However, in so far as the subject of these communications was the giving of legal or other advice upon the basis of facts disclosed to the attorney by a person outside the organization of defendant and its affiliates the communication is not privileged. Thus, for example, there is no privilege for so much of a lawyer’s letter, report or opinion as relates to a fact gleaned from a witness, Hickman v. Taylor, 329 U.S. 495, 508, 67 S.Ct. 385, 91 L.Ed. 451, affirming D.C., 4 F.R.D. 479, 482; see Wigmore, Evidence, 3d Ed., § 2317; or a person with whom defendant has business relations, General Electric Co. v. Jonathan Clark & Sons Co., C.C.W.D.N.Y., 108 F. 170, In re Ruos, D.C.E.D.Pa., 159 F. 252; or a public document such as a patent, cf. Edison Electric L. Co. v. United States Electric L. Co., C.C.S.D.N.Y., 44 F. 294; or a judicial opinion, Aaron v. United States, 8 Cir., 155 F. 833.

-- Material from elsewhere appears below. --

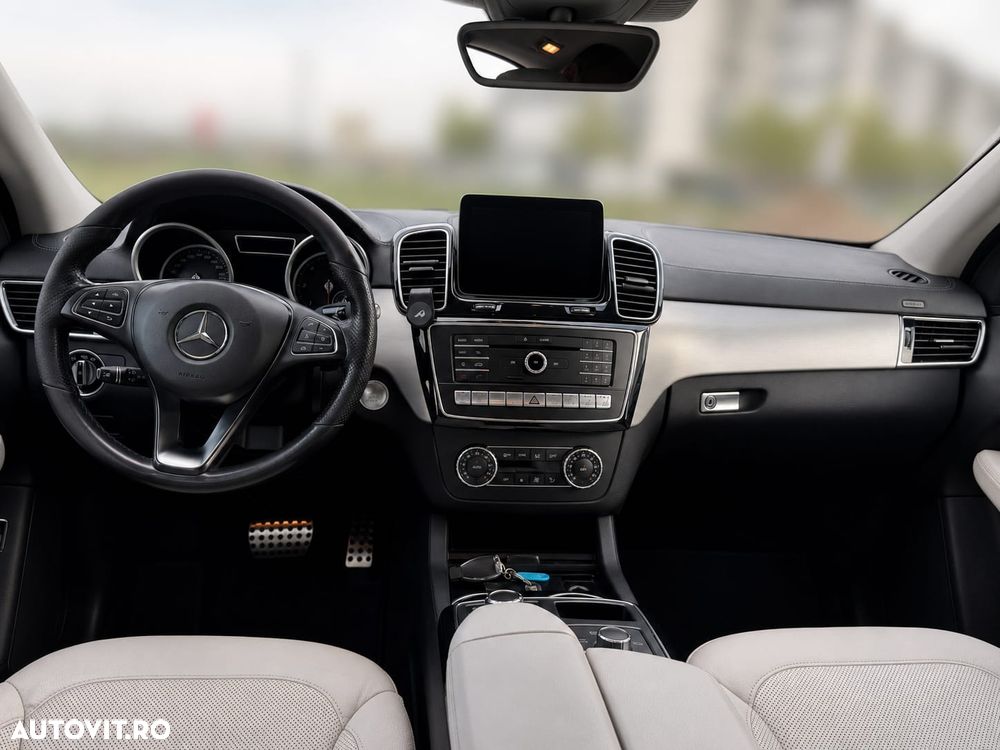 Mercedes-Benz GLE 350 d 4MATIC - 14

Where a communication neither invited nor expressed any legal opinion whatsoever, but involved the mere soliciting or giving of business advice, it is not privileged. United States v. Vehicular Parking, D.C.Del., 52 F.Supp. 751.

2. The second group of communications are to or from the resident general counsel of United and his juniors.

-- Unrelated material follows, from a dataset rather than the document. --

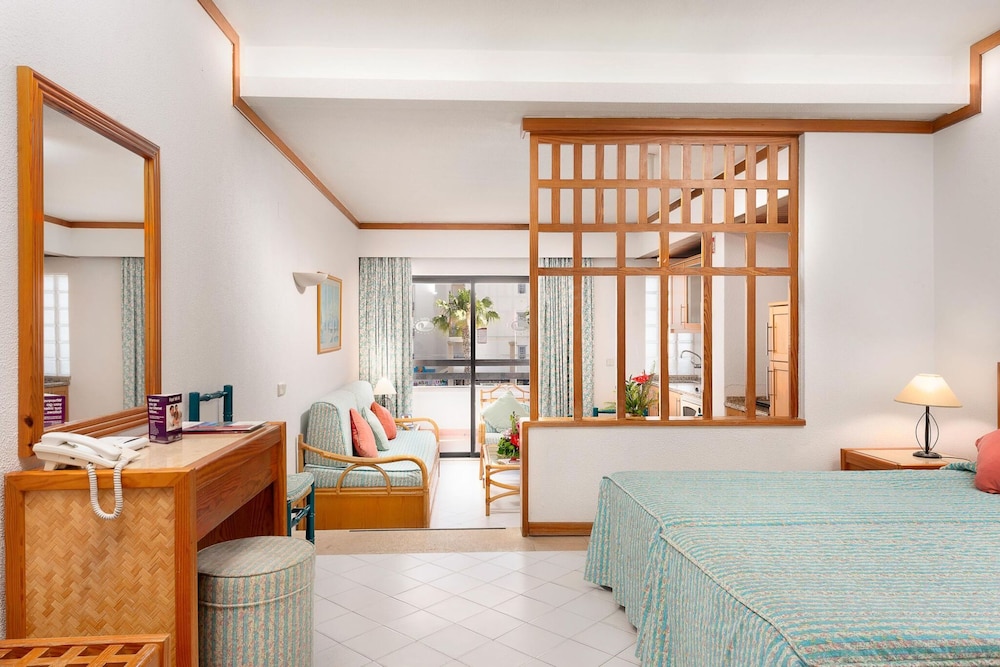 Muthu Oura Praia Hotel — Hotel rooms in Albufeira, Faro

On the record as it now stands, the apparent factual differences between these house counsel and outside counsel are that the former are paid annual salaries, occupy offices in the corporation’s buildings, and are employees rather than independent contractors. These are not sufficient differences to distinguish the two types of counsel for purposes of the attorney-client privilege. And this is apparent when attention is paid to the realities of modern corporate law practice. The type of service performed by house counsel is substantially like that performed by many members of the large urban law firms. The distinction is chiefly that the house counsel gives advice to one regular client, the outside counsel to several regular clients.

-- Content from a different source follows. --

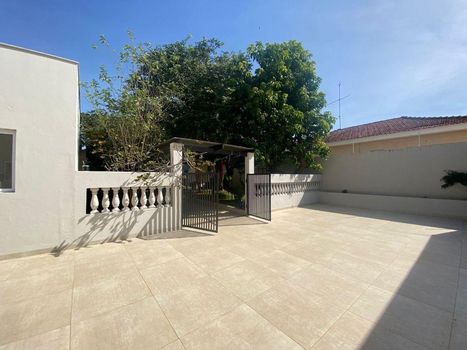 Foto 23 do(a) Casa de 7 quartos à venda em Vila Santa Maria, Araçatuba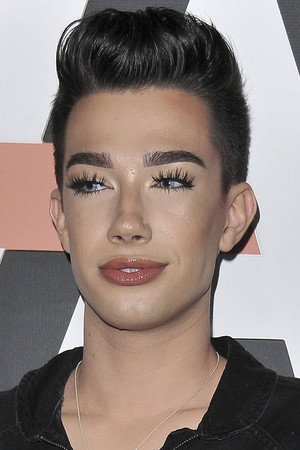 James Charles profil kép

It follows that United’s general counsel and his clerks constitute for purposes of the privilege attorneys. However, no doubt a high percentage of the communications passing to or from them fall outside the privilege because they report or comment on information coming from persons outside the corporation or from public documents, or are summaries of conferences held with or in the presence of outsiders.

3. The third group is composed of communications, memoranda and the like to or from the persons in United’s patent department. Except where these communications are to or from outside counsel or the general counsel and his staff, and are within the privilege as heretofore stated and limited, these communications are not privileged.

Eight of the persons in the patent department are not members -of the bar of any court.- They are mere solicitors of patents who fall outside the privilege. Brungger v. Smith, C.C.Mass., 49 F. 124. Compare Moseley v. Victoria Rubber Co., 55 L.T. 482 (Ch.Div. 1886). Thirteen other persons in the department are not members of the bar of this Court or of the 'courts of this Commonwealth but are members of other judicial bars. The ' fact that they, though resident in Massachusetts and regularly working here, have never received a license to practice law here shows that these regular employees are not acting as attorneys for United. (The situation would be different with regard to a visiting attorney from another state, for whom the privilege might well be invoked.) Nor can it properly be said that they are acting merely as clerks for the head of the patent department, who is a Massachusetts attorney. These patent department employees communicate usually directly (and only rarely through the head of the patent department) with many officers and employees of United. Thus, these patent department employees are not protected by a privilege, if there were one, available to the head of the patent department.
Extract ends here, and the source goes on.